HSC-independent definitive hematopoiesis persists into adult life

Abstract

It is widely believed that hematopoiesis after birth is established by hematopoietic stem cells (HSCs) in the bone marrow and that HSC-independent hematopoiesis is limited only to primitive erythro-myeloid cells and tissue-resident innate immune cells arising in the embryo. Here, surprisingly, we find that significant percentages of lymphocytes are not derived from HSCs, even in 1-year-old mice. Instead, multiple waves of hematopoiesis occur from embryonic day 7.5 (E7.5) to E11.5 endothelial cells, which simultaneously produce HSCs and lymphoid progenitors that constitute many layers of adaptive T and B lymphocytes in adult mice. Additionally, HSC lineage tracing reveals that the contribution of fetal liver HSCs to peritoneal B-1a cells is minimal and that the majority of B-1a cells are HSC independent. Our discovery of extensive HSC-independent lymphocytes in adult mice attests to the complex blood developmental dynamics spanning the embryo-to-adult transition and challenges the paradigm of HSCs exclusively underpinning the postnatal immune system.

Keywords: AGM region; B-1a cells; CP: Developmental biology; HSC precursors; HSC-independent hematopoiesis; adaptive immune lymphocytes; hemogenic endothelial cells; lineage tracing mouse models; mouse embryo; multi-potent progenitors.

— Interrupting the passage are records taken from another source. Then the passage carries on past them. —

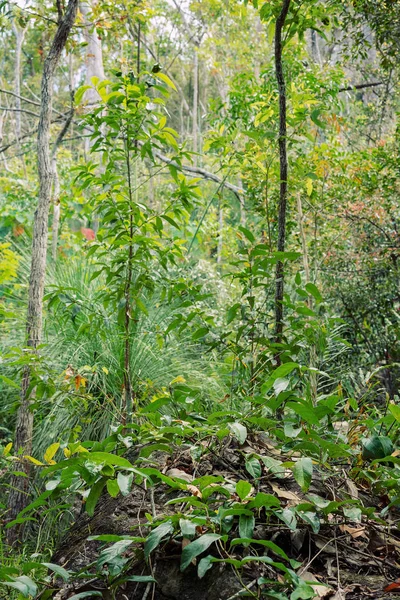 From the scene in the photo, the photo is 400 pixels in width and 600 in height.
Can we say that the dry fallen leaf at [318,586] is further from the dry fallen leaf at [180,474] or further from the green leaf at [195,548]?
the dry fallen leaf at [180,474]

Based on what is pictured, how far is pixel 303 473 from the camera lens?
1.61 meters

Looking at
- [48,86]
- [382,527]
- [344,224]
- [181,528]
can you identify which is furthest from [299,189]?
[181,528]

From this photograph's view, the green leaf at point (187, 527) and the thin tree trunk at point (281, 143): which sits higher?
the thin tree trunk at point (281, 143)

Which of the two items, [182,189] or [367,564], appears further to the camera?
[182,189]

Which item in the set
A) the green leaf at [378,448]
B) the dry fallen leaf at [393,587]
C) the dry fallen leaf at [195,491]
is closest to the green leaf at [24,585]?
the dry fallen leaf at [195,491]

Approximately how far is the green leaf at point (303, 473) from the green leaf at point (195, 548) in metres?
0.26

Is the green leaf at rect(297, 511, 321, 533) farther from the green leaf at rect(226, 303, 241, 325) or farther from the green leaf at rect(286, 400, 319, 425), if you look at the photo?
the green leaf at rect(226, 303, 241, 325)

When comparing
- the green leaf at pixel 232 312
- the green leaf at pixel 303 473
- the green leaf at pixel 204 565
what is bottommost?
the green leaf at pixel 204 565

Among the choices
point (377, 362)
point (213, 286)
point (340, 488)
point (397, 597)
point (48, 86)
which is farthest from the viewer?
point (213, 286)

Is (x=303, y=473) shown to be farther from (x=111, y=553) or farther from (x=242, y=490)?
(x=111, y=553)

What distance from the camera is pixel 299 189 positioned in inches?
148

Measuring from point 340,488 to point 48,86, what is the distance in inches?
105

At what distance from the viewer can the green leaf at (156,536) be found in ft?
4.88

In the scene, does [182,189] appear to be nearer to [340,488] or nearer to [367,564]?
[340,488] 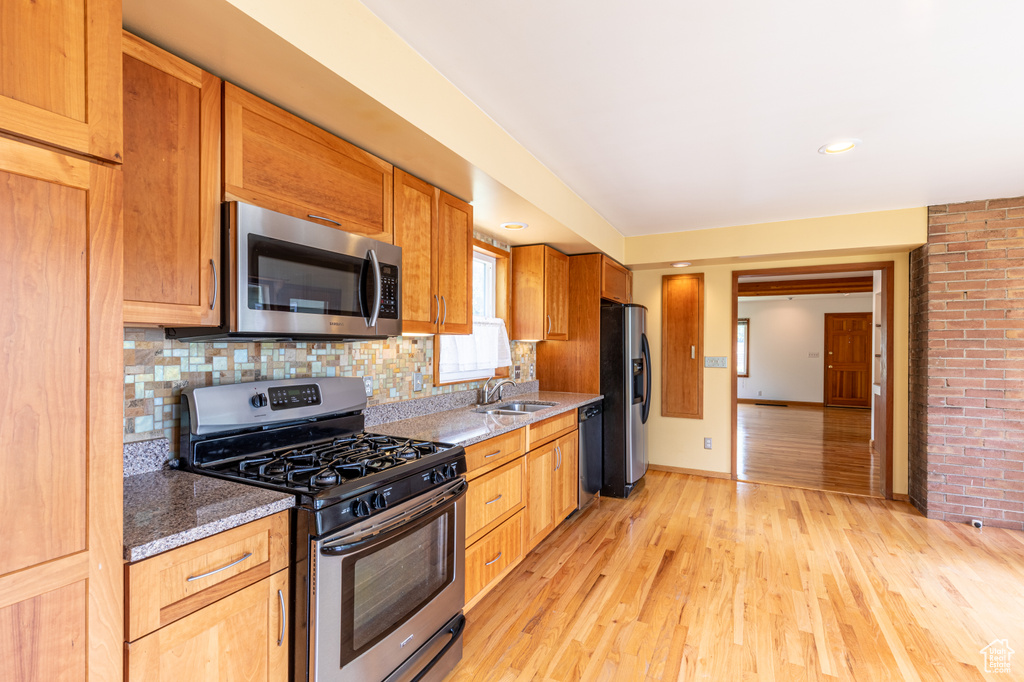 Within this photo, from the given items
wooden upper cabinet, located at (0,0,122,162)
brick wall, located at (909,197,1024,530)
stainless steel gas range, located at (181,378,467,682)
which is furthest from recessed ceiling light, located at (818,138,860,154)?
wooden upper cabinet, located at (0,0,122,162)

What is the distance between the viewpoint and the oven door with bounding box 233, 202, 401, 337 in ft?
4.85

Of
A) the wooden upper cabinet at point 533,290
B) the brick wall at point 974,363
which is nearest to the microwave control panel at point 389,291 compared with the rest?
the wooden upper cabinet at point 533,290

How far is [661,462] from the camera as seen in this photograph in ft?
16.5

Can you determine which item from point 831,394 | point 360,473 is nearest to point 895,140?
point 360,473

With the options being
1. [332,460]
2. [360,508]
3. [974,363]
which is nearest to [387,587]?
[360,508]

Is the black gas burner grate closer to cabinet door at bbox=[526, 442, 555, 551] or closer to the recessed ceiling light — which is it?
cabinet door at bbox=[526, 442, 555, 551]

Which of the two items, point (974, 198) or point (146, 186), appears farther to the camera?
point (974, 198)

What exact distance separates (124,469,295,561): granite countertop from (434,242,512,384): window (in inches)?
64.5

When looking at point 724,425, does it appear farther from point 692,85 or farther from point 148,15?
point 148,15

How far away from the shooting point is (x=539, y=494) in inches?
116

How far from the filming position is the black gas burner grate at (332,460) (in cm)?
148

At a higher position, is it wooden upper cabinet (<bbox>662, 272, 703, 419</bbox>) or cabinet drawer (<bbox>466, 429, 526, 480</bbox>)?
wooden upper cabinet (<bbox>662, 272, 703, 419</bbox>)

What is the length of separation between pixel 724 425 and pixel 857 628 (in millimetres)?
2577

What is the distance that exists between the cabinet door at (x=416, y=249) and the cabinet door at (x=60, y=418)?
126cm
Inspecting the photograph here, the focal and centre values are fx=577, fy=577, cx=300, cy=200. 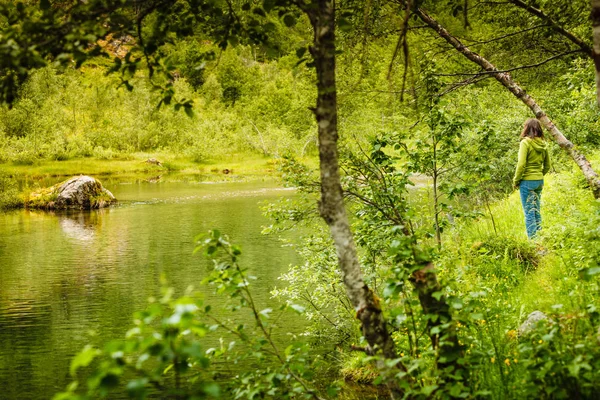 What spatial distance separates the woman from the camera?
9.59m

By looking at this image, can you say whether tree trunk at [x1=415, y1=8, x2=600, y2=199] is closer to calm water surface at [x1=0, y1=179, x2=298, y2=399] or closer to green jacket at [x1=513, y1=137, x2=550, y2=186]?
green jacket at [x1=513, y1=137, x2=550, y2=186]

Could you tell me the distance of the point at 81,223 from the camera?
27.8 meters

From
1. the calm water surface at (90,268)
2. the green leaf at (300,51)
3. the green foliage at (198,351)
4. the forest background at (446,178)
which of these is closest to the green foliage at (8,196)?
the calm water surface at (90,268)

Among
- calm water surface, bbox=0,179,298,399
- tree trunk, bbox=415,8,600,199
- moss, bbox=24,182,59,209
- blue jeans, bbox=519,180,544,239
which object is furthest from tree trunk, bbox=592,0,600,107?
moss, bbox=24,182,59,209

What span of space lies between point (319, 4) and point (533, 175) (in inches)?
291

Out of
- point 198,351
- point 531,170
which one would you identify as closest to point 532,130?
point 531,170

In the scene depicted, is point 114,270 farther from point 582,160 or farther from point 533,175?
point 582,160

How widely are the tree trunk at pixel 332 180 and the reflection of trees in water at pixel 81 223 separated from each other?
69.8 feet

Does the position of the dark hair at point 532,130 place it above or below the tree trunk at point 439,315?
above

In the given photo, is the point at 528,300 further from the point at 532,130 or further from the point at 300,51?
the point at 300,51

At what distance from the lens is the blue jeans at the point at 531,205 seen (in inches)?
373

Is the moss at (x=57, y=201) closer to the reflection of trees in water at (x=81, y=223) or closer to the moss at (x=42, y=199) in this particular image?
the moss at (x=42, y=199)

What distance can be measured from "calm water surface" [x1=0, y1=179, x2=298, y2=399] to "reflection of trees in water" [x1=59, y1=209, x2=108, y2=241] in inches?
2.0

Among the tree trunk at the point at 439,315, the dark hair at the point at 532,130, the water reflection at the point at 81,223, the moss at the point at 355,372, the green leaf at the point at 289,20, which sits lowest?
the moss at the point at 355,372
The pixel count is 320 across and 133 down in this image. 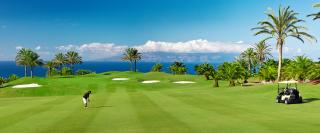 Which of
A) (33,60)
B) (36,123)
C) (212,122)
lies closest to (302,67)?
(212,122)

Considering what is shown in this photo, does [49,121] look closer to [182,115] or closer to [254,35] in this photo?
[182,115]

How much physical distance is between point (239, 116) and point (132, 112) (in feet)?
32.1

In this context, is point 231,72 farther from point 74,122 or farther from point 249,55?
point 249,55

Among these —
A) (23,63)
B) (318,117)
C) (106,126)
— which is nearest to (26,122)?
(106,126)

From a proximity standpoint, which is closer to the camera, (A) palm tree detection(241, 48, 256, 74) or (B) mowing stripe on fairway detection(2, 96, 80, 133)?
(B) mowing stripe on fairway detection(2, 96, 80, 133)

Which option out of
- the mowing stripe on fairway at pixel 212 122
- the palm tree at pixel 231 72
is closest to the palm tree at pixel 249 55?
the palm tree at pixel 231 72

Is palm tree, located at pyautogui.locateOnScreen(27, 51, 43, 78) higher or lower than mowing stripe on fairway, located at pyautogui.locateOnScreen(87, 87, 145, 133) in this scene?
higher

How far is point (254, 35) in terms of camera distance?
84.6 m

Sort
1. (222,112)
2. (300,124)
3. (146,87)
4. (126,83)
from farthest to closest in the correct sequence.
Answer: (126,83) < (146,87) < (222,112) < (300,124)

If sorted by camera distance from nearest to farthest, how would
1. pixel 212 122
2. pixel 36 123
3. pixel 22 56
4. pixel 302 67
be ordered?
1. pixel 212 122
2. pixel 36 123
3. pixel 302 67
4. pixel 22 56

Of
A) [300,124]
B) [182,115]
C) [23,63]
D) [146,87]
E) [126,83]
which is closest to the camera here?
[300,124]

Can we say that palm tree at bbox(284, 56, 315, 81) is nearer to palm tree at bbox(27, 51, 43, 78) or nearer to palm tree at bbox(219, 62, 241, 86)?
palm tree at bbox(219, 62, 241, 86)

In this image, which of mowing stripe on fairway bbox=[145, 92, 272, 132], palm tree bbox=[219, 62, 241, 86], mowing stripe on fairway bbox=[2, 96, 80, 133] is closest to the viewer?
mowing stripe on fairway bbox=[145, 92, 272, 132]

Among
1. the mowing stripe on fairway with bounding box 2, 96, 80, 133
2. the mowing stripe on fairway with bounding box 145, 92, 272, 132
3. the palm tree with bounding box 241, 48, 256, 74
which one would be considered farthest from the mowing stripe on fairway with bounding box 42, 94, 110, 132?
the palm tree with bounding box 241, 48, 256, 74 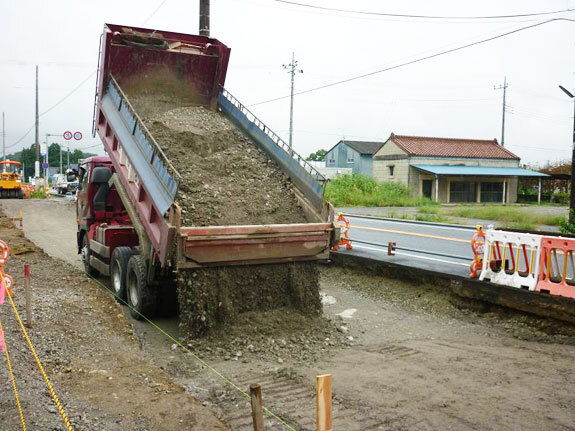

Figure 1.. HSCs start lymphopoiesis in mice after 4 weeks of age and do not completely replace fetus-derived lymphocytes

(A) Experimental design. TAM was injected once on P2 into iFgd5 mice to label HSCs. Tomato⁺ blood cells in the BM, spleen, and peritoneal cavity were examined at different time points. (B) The Tomato ratio of each blood cell subset to HSCs (<4 weeks, n = 3; 8–12 weeks, n = 9; >6 months, n = 5–6). (C–E) “Fate mapping scatterplots” showing the correlation between Tomato% in HSCs (x axis) and Tomato% of a target cell population (y axis). The equation and R² values were calculated using Prism. (C) Scatterplots of MPP (n = 18) and spleen macrophages (n = 15). A strong correlation was seen as early as 8 weeks after birth (late, red dots). Blue dots represent correlation when analyzed before 4 weeks of age. (D) Scatterplots of spleen FO (n = 18), CD4 (n = 18), and CD8 T cells (n = 18). Blue dots, less than 4 months; red dots, more than 6 months. (E) Scatterplots of peritoneal B-1a cells (n = 18) and mast cells (n = 17). Blue dots, less than 4 months; red dots, more than 6 months. (F) The Tomato ratio of T progenitor populations in the thymus at 4 weeks (n = 4), 8–12 weeks (n = 9), and 5–12 months (n = 5) after birth. (G) Actual Tomato% in various hematopoietic populations in the P0 liver, thymus, and spleen when TAM was injected at E14.5 and E15.5 (n = 4). **p < 0.01, *p < 0.05 (unpaired Student’s t test).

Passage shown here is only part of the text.